# Normal behavious? Hides and runs away?



## moey (Dec 21, 2013)

So I've had Demon for just over a week, and she has always been afraid... She hides in her hut all day. At night she comes out to eat, drink and poo everywhere lol, but the second she sees me approaching, she runs into her hut... If I remove her hut, she hisses or lifts her spikes up... I wait for her to calm down, but all she does is search for a new hiding spot... If I take her out, she's really active and wants to explore... Until she finds a place she can hide in! Then she just hides and sleeps or hides on the lookout. When she's in my hands, she doesn't show aggressive behavior like hissing at all... It's just when I try to scoop her up... Is this normal? I don't want my hedgie to be afraid of me... If she's playing, and she smells my hand, she sometimes feels comfortable enough to climb into it though... If she's on my lap, she'll burrow into a blanket or push her way underneath so she can burrow and hide under my foot... During the day, she'll sometimes stay in her hut and push it around from the inside navigating to where she wants to go in her viv... As if she is scared to go out of it... Aside of being afraid of me, she seems pretty normal and adjusting well... Do you think this is normal? I want to socialise her, but not at the cost of always scaring her when I'm around... Should I leave her alone for a while? Is this normal?


----------



## Annie&Tibbers (Apr 16, 2013)

This sounds about normal.

During the day, she should hide & sleep. That's the time to leave her alone so she can get a good, solid rest.

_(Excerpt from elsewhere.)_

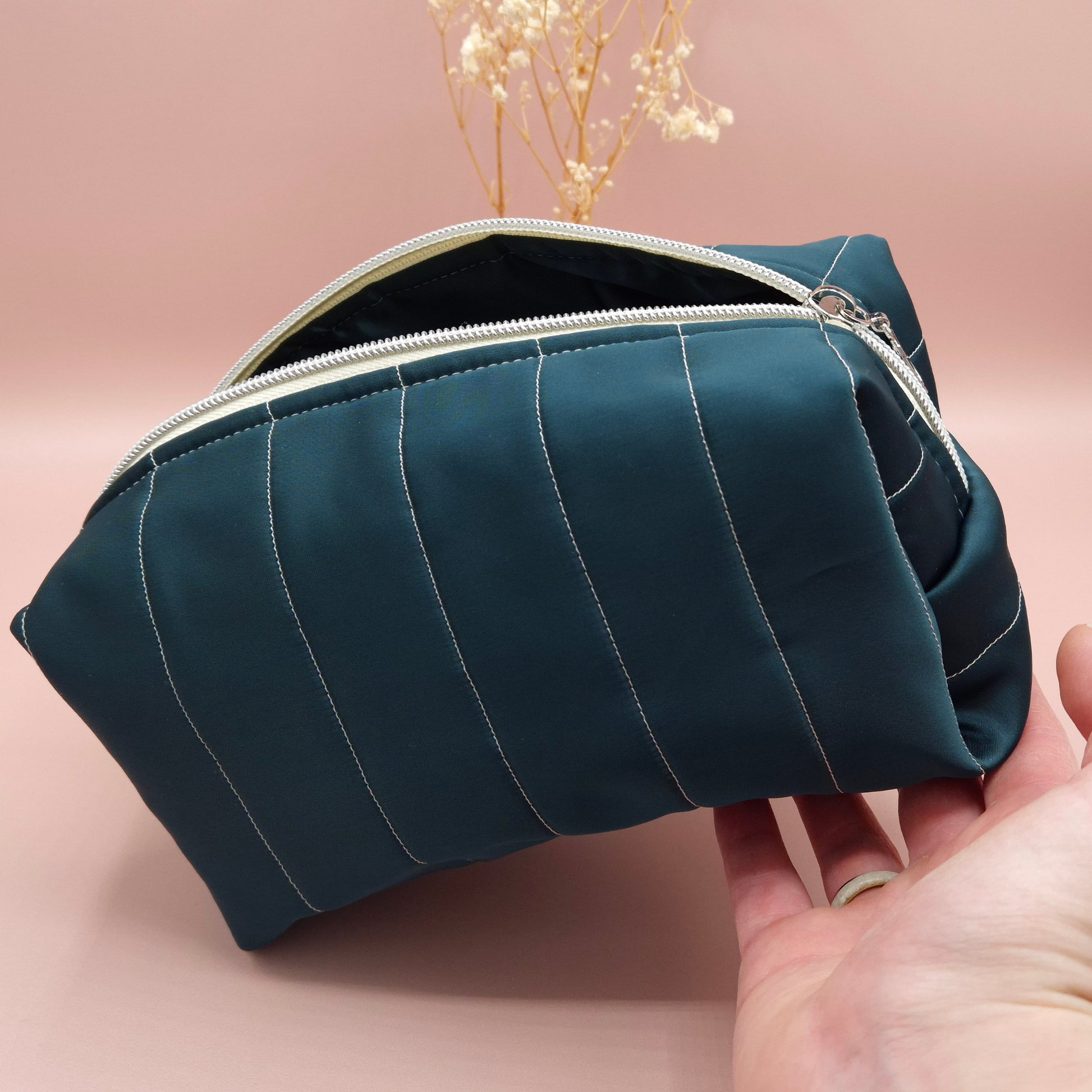 Trousse de rangement en satin matelassé - Les Chouchous de Justine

During the night when you take her out to socialize, it can help to give her something to hide on in your lap -- a blanket, a shirt, a snuggle sack, anything that she can burrow into. Being in a dim room can also help.

But it's only been a week! It will take her a while to grow accustomed to the idea that you aren't going to eat her. She's also very young, I think? Which means she'll be quilling soon, a cranky, uncomfortable time for hedgehogs.

Don't be discouraged!


----------



## moey (Dec 21, 2013)

Thanks! Yes, she is about 12 weeks... I just found a really nice toy for her! She loves burrowing in my hoodie, so I lay it on my bed and I carry on surfing the net or just lay next to the hoodie and watch tv. Essentially, I just feel her shoving around and pushing against me through the hoodie, exploring... I think it's a good way of relaxing her outside of her tank...


----------



## ceopet (Sep 20, 2013)

And if you do that she'll stay nice in warm too while she is out with you. 

Some hedgies will always quill up when you go to pick them up, Mine still does and I have had for like three months now 

Sounds like you are doing the right things.


----------



## moey (Dec 21, 2013)

ceopet, I find the best is to wear a hoodie, and leave your in those big pockets while you watch tv and just pretend your hedgie isn't there.. Eventually they fall asleep or come out and explore you...


----------